Tabletler, zarar eden "The New York Times"ın da kurtarıcısı oldu... Gazete, bu yılın üçüncü çeyreğinde dijital aboneler sayesinde kara geçebildi. Gazetenin basılı nüshaların 756 bin abonesi bulunuyor. Gazeteyi yalnız dijital ortamda görüp, yirmiden fazla makale okumak isteyenler, ayda 35 dolara abone olabiliyor. Bu abonelerin sayısı da hızla artmakta. New York Times'ın tabletler için hazırladığı eGazete'nin de şu anda 57 bin abonesi bulunuyor. Gazetenin basılı nüshalarına abone olanlar, dijital gazeteyi de ücretsiz okuma imkanına sahip.

tabletler konusunda, başarılı yayıncılar arasında, Almanya'daki Springer ile Norveç'teki Schibsted grubunu da gösterebiliriz.

Dünya yazılı basınında genel durum

WAN-IFRA tarafından yazılı basınla ilgili yapılan son araştırmaları Viyana'daki toplantılar sırasında görme olanağını bulduk.
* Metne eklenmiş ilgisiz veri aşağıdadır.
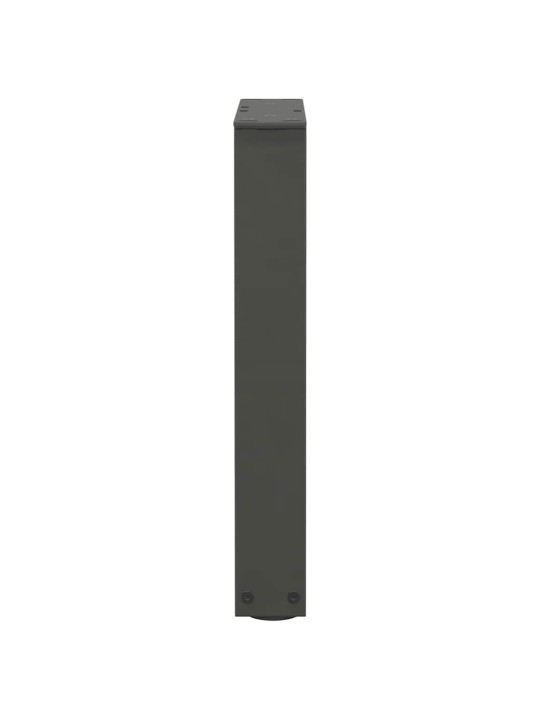 Sohvapöydän jalat v-muotoiset 2 kpl antrasiitti 38x(42-43,3) cm teräs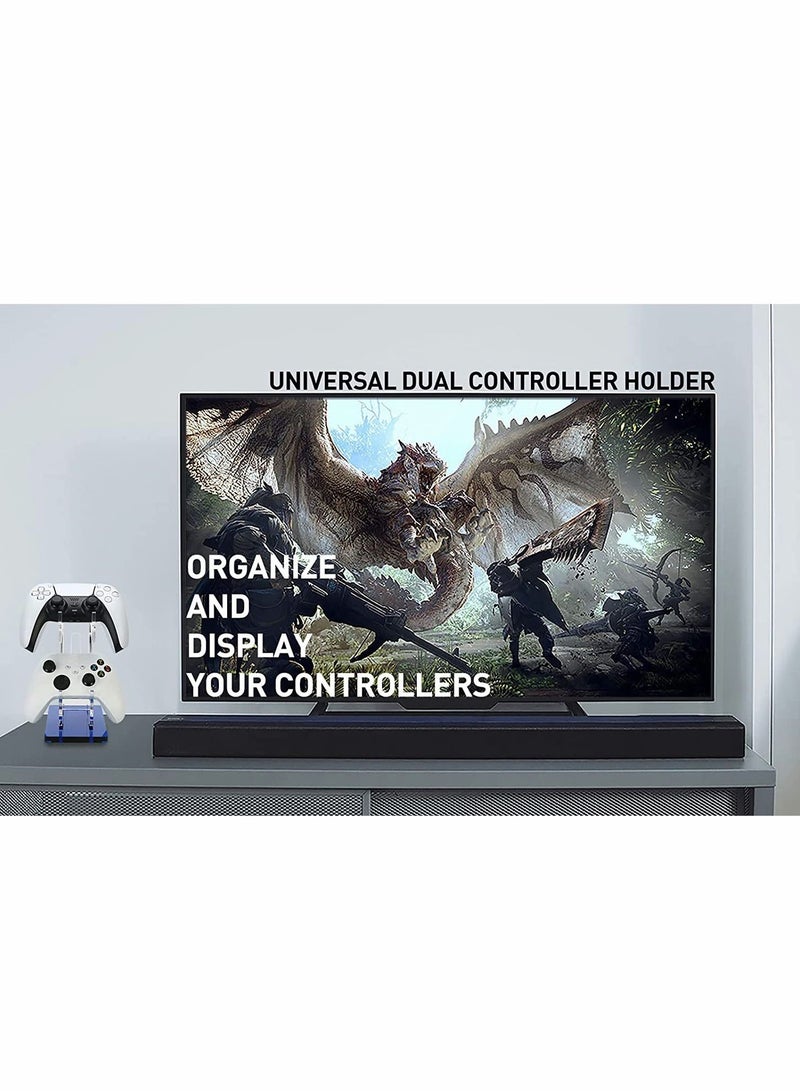 كاست ويف ملحقات الألعاب ، حامل وحدة التحكم ، حامل وحدة التحكم المزدوجة ، لجهاز PS5 PS4 Xbox ، للتبديل ، لملحقات الألعاب ، بناء حصن الألعاب (Deepblue) - Image 2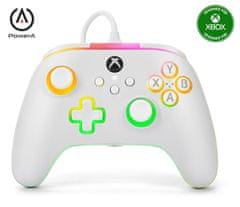 Power A Advantage Lumectra, Xbox Series X|S, Xbox One, PC, RGB Lighting, Fehér, Vezetékes kontroller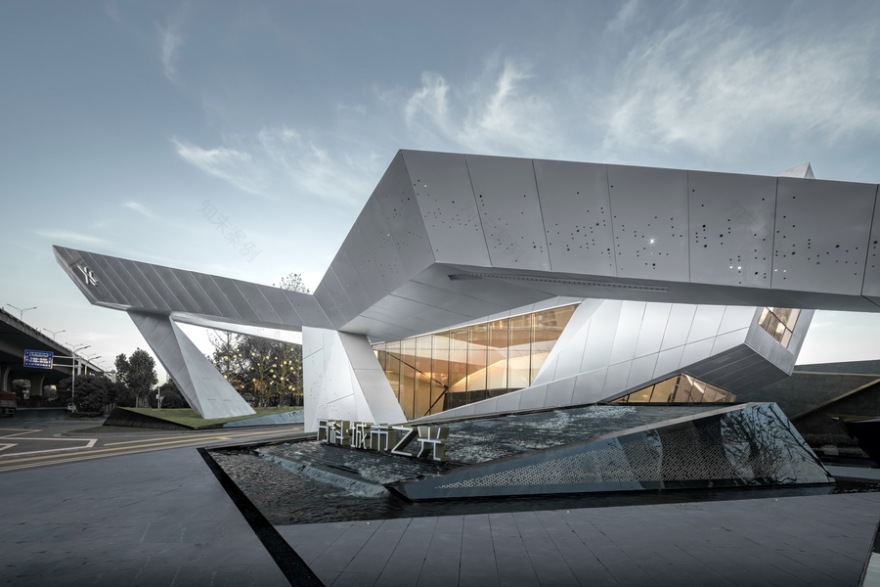 上海天华建筑设计丨武汉万科城市之光展示中心 建筑设计 丨中国武汉-32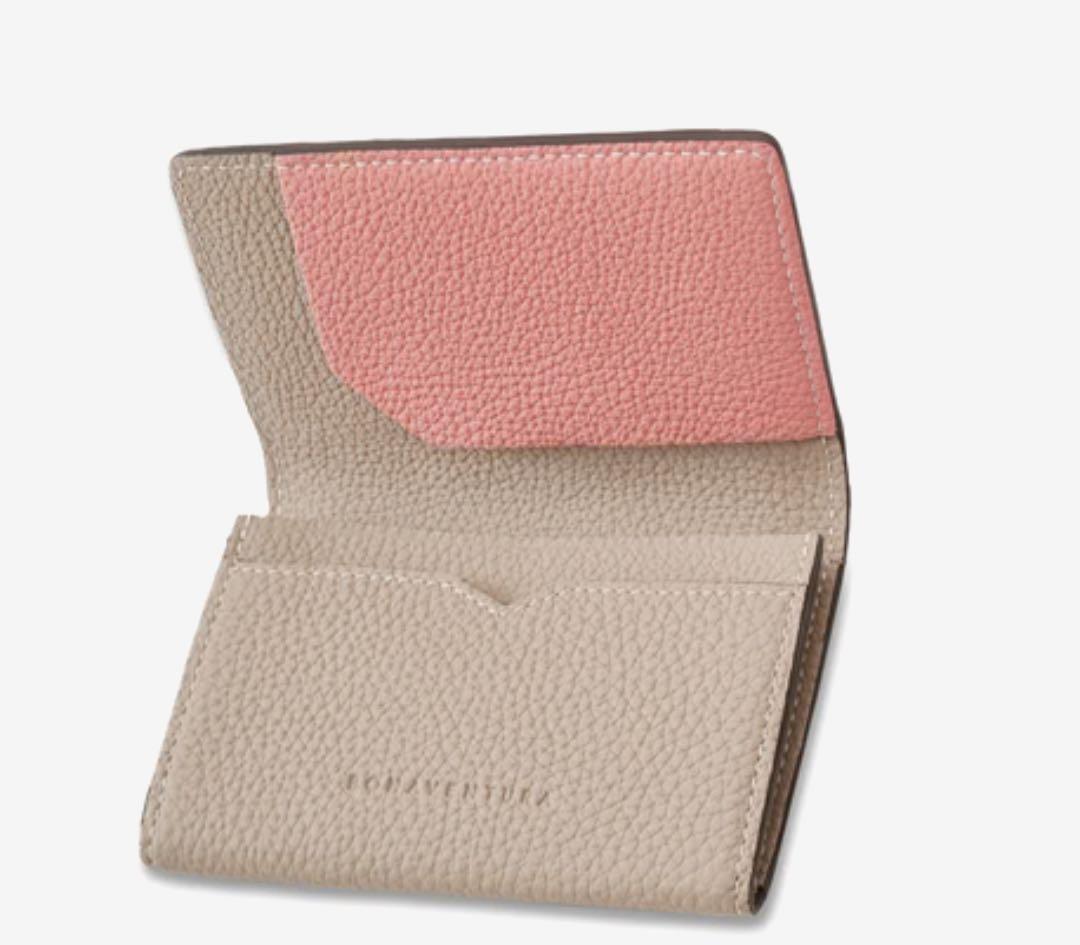 【新品】ボナベンチュラ　ビジネスカードケース シュリンクレザー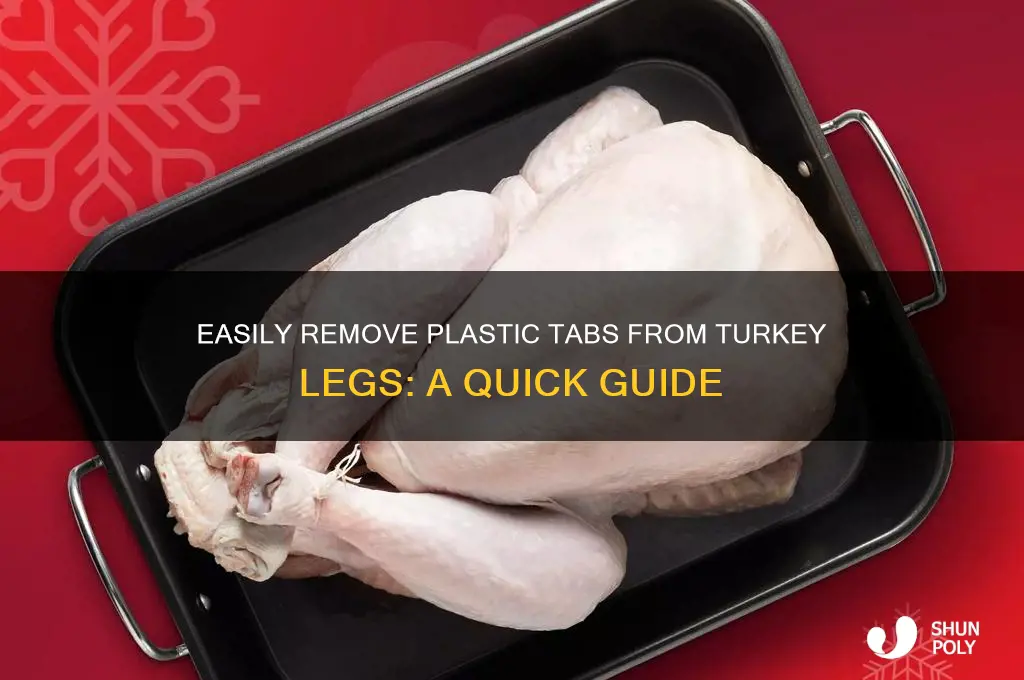 how to get plastic tab off turkey legs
Bunlara bir göz attığımızda şöyle bir tabloyla karşılaşıyoruz:

- Batı yarım küresinde gazete tirajlarının düşme trendi devam ediyor.

- Doğu'da ise tirajlar (Çin ve Hindistan'da olduğu gibi) devamlı artış gösteriyor.
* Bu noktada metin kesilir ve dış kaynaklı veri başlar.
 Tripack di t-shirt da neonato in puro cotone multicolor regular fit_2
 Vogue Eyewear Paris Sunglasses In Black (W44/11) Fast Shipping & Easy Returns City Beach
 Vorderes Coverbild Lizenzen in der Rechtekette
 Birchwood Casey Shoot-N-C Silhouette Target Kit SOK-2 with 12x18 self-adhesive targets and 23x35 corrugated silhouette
- Dünyadaki genel gazete sayısında azalma var. Kapanmalar görülüyor.

- Ücretsiz dağıtılan gazetelerin tirajlarındaki düşüş sürüyor. Bu da, ücretsiz gazete modasının sona erdiğini gösteriyor.

- Basılı gazeteler, gelişen diğer medyaya rağmen, reklam verenler için halen daha etkili.
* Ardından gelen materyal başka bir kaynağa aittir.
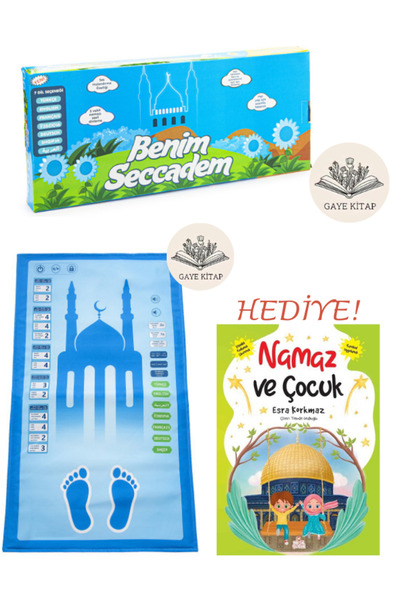 Ayfa Basın Yayın Çocuklar İçin 7 Dilde Sesli Konuşan Namaz Kıldıran Seccade (...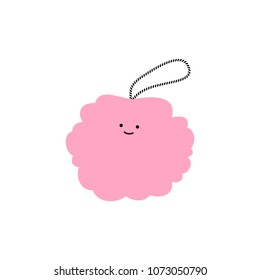 Pink doodle sponge, vector illustration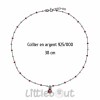 Collier enfant Coccinelle argent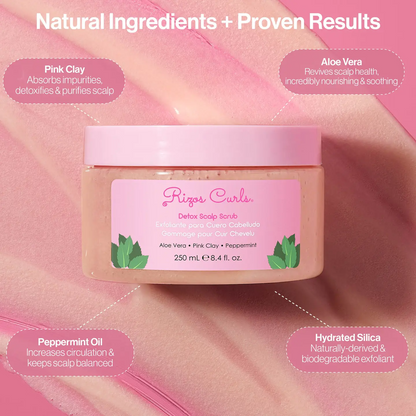 Rizos Curls Detox Scalp Scrub 250ml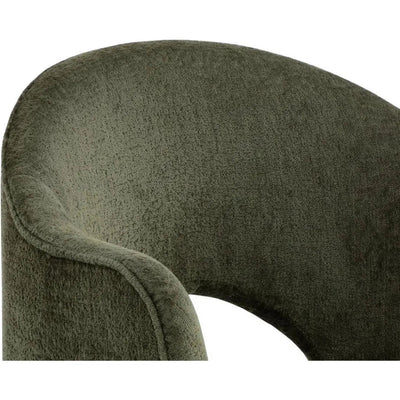 Anaya Fabric Dining Armchair - LOOMLAN - SUNPAN - Dining Chairs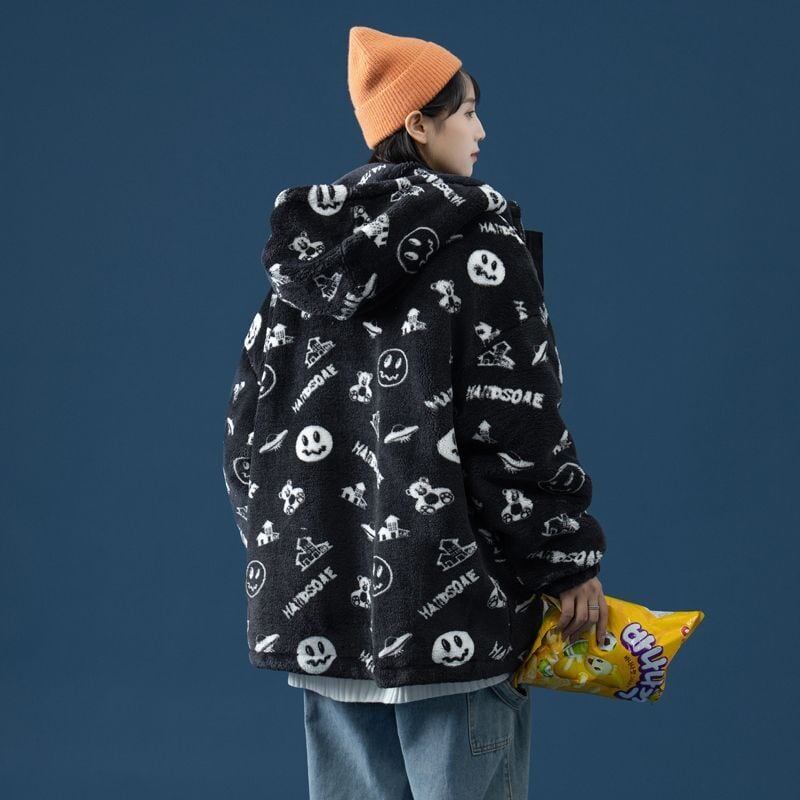 超人気 シンプル 海外トレンド ラムウールコート Etand ネック/フード付き E-5633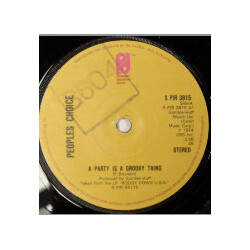 People's Choice A Party Is A Groovy Thing USED VINYL 7INCH 45 RPM SINGLE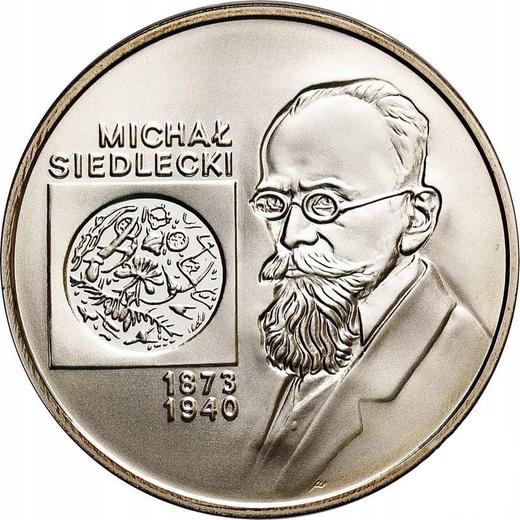 Reverso 10 eslotis 2001 MW ET "Michał Siedlecki" - valor de la moneda de plata - Polonia, República moderna
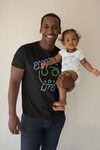 Electric Life Pink Baby Short Sleeve Onesie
- Gazeteler, bugün de internete oranla daha çok tüketiciye ulaşabiliyor. Normal bir günde gazete alıp okuyanların sayısı, interneti haberler için tercih edenlerden yüzde 20 daha fazla.

- Dijital reklam gelirleri hala, basili gazetelerin genel reklam kaybını karşılayamıyor.

- Sosyal medya çok yaygın ve popüler fakat haber yayıncılarının bundan para kazanma imkânları günümüzde de çok kısıtlı.

Medya tüketimi ülkeden ülkeye farklı eğilimler gösteriyor. Tüketiciler, gazetelere giderek daha az zaman ayırıyor.

Medya tüketiminde, gazetelerin payı bir yıl öncesine kadar yüzde 8 idi. Buna karşılık toplam ilan gelirlerinin yüzde 20'si hâlâ gazetelere gidiyordu. Son yıl medya tüketimindeki gazetelerin payı yüzde 7'ye düşmüş durumda.

Viyana'da en fazla öne çıkan konulardan biri, gazetelerin tüketiciye nasıl daha fazla sevdirileceği ve nasıl daha çok benimsenerek daha geniş zaman ayrılmasının sağlanabileceği idi.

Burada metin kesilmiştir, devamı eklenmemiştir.